I'm part of a club. It's not a fun club, we don't read books together or share coffee. We don't even see each other very often. We mostly text and message. I don't know about the other members, but most of my tears on their behalf are when I'm alone.
We help each other with managing our kids' pain and nausea. We share doctor's names and hospital tips. We share clinic experiences and how to get through another day. We talk about PICC vs. port. Sounds fun, right?
I didn't turn in an application to be in this club. My membership didn't have to be approved. I didn't even WANT to be in this club, but no one even asked me. How rude! In fact, I've tried countless times to get kicked out.
Can I be honest? Some days I’ve wanted to ignore those texts and messages. Some days, I've felt like saying no. I can't do it. Not one more. Nope.
Mostly though? I've been blessed by this club. Not because it's fun or entertaining... in fact, it's one of the hardest things I've done. But it's not outside of God's providence that I'm a member. And He has an amazing way of working all things for our good and His glory. I can be thankful for THAT - even if I'm still trying to find a way to get out of this club.
Today I watched another member of this club say goodbye for now to her precious son. I watched online. I'll admit, I didn't go because I'm tired of crying. I'm tired of trying NOT to cry. I am OH SO TIRED of funerals.
The good news? This world may be full of death and dying, but because of JESUS we have eternal hope for redemption, salvation, NEW bodies (we won't be sick, anymore!), a heavenly home, and the presence of Christ. Forever.
I can't fix the death and dying here on earth. I can't eat well enough, or drink enough water, or exercise my way out of it. We're all headed for the same end. My boy? He's healthy and strong. Today. My friend's boy (and so many others!)? Is already in heaven with Jesus. It's heart-breaking, but it's reality. You don't have to live long to know this truth. This life doesn't last.
SO MANY of you are in this club with me. You know who you are. We all hate it. We all want out. We all want our kids to be healed here on earth and cancer free for the rest of their lives. We beg God for it and sometimes we get the answer we so desperately want.

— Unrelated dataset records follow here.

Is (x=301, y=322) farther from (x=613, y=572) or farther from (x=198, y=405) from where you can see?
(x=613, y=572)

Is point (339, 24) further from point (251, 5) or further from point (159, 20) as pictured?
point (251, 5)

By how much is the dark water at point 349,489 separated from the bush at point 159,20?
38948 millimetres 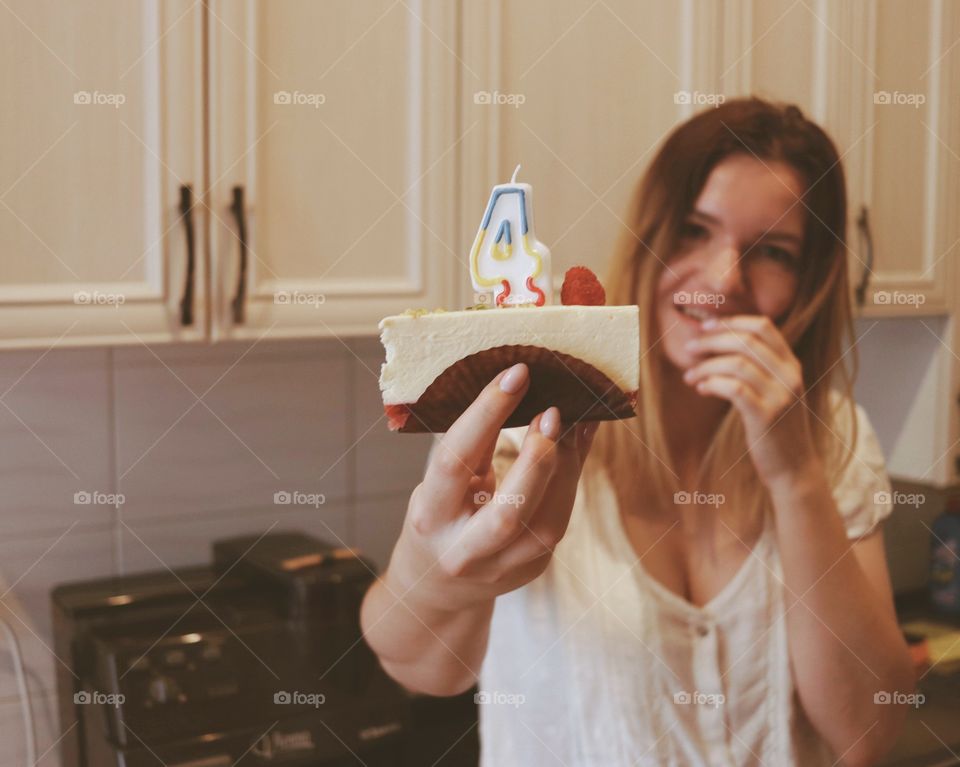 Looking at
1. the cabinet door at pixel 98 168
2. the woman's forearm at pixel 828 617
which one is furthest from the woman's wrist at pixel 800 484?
the cabinet door at pixel 98 168

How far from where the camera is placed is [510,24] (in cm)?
143

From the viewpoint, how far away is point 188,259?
1.23 meters

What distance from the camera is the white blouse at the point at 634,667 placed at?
1.18 metres

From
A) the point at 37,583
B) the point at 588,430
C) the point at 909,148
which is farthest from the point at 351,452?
the point at 909,148

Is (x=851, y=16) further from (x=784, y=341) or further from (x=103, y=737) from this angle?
(x=103, y=737)

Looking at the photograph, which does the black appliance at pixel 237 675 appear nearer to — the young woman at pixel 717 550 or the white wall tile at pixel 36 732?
the white wall tile at pixel 36 732

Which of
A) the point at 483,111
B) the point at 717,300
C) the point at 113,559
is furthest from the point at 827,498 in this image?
the point at 113,559

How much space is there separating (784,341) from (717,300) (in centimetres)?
10

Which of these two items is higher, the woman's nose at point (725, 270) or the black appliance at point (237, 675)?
the woman's nose at point (725, 270)

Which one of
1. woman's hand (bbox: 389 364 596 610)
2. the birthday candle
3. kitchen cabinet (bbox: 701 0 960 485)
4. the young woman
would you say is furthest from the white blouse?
kitchen cabinet (bbox: 701 0 960 485)

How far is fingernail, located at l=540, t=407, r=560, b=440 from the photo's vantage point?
0.84 metres

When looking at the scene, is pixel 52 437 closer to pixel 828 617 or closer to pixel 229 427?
pixel 229 427

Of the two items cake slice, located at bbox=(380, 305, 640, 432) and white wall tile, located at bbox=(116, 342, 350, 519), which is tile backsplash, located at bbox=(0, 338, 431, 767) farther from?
cake slice, located at bbox=(380, 305, 640, 432)

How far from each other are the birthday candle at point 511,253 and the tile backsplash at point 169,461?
2.66ft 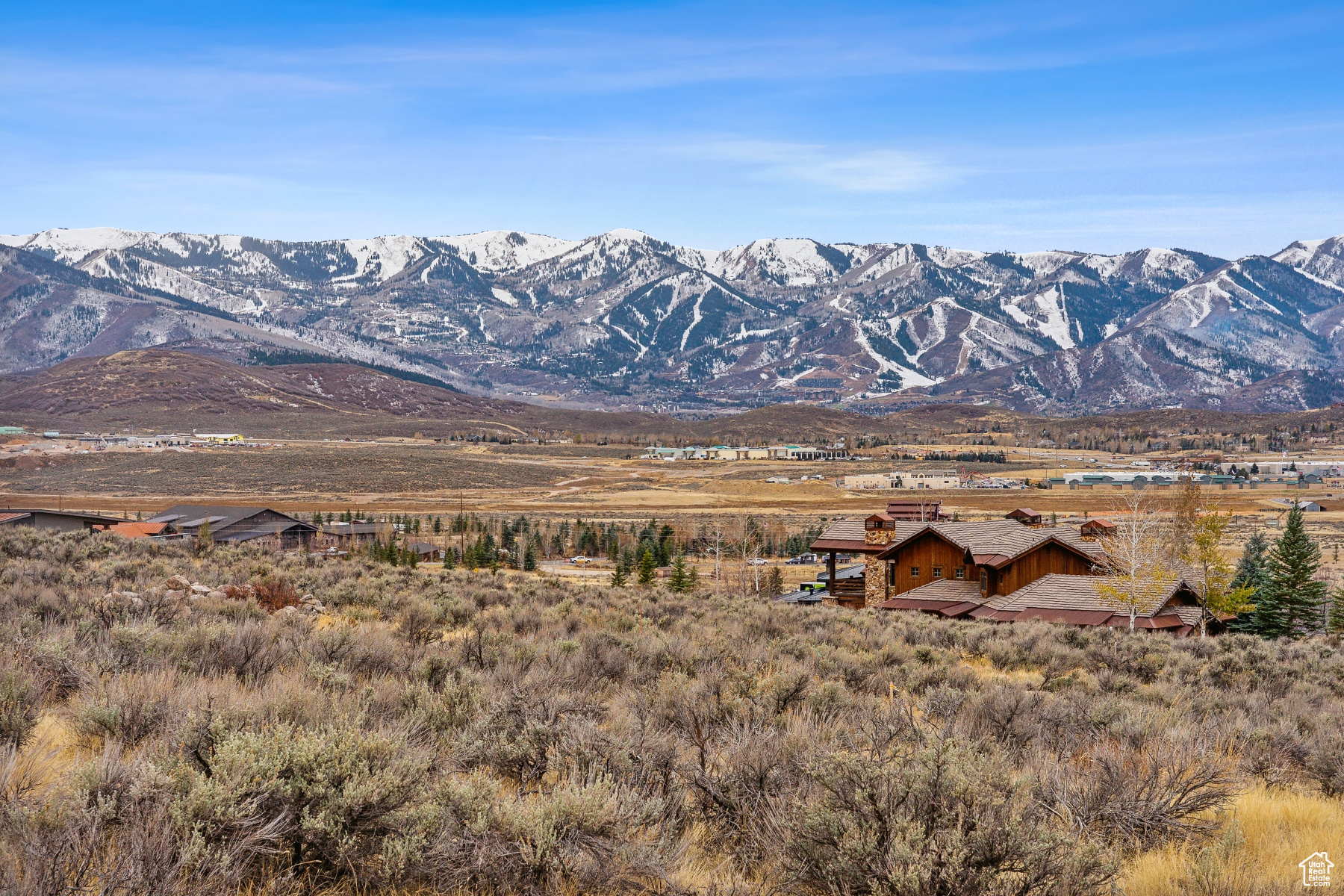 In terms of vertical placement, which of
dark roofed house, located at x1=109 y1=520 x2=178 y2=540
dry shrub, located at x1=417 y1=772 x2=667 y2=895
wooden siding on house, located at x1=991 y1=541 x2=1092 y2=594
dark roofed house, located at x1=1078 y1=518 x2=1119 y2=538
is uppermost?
dry shrub, located at x1=417 y1=772 x2=667 y2=895

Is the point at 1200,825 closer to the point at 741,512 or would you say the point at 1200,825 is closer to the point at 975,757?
the point at 975,757

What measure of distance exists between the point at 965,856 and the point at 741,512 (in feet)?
323

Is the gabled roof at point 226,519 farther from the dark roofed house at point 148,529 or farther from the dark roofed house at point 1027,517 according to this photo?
the dark roofed house at point 1027,517

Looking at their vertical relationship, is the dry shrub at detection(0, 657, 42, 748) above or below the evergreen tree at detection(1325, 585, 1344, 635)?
above

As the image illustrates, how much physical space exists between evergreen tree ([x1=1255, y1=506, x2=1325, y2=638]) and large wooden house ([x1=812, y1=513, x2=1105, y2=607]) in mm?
11614

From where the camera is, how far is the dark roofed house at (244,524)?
57.5 metres

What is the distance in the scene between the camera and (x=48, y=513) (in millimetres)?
47094

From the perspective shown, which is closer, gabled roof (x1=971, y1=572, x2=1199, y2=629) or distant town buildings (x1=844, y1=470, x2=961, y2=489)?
gabled roof (x1=971, y1=572, x2=1199, y2=629)

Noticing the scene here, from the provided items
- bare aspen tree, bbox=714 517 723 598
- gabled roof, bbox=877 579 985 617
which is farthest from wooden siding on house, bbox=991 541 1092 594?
bare aspen tree, bbox=714 517 723 598

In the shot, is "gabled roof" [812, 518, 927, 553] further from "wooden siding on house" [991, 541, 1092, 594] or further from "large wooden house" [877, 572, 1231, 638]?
"wooden siding on house" [991, 541, 1092, 594]

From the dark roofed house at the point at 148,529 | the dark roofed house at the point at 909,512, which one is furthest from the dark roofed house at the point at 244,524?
the dark roofed house at the point at 909,512

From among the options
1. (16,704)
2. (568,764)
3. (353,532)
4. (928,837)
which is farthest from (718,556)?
(928,837)

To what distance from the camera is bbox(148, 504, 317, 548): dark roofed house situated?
189 ft

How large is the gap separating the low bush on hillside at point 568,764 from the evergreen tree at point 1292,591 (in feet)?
102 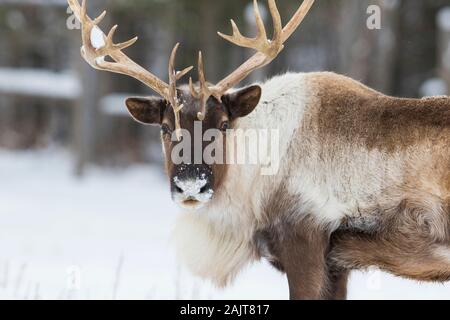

Sometimes... we don't.
It's not the only club no one wants to be in. I get that. I have so many friends who are widows. So many who have buried their children. So many with chronic illness. No one wants to be those clubs, either. But here we are.
I may hate this club with all that is in me. But I'll still answer the phone, read and answer your text or message, and PRAY for your child, your friend's child, your family member, your friend. I'll grieve with you when the hard days come, the diagnosis, the admissions, even if you face the unthinkable. Because I'm in the cancer mom club. It's what we do.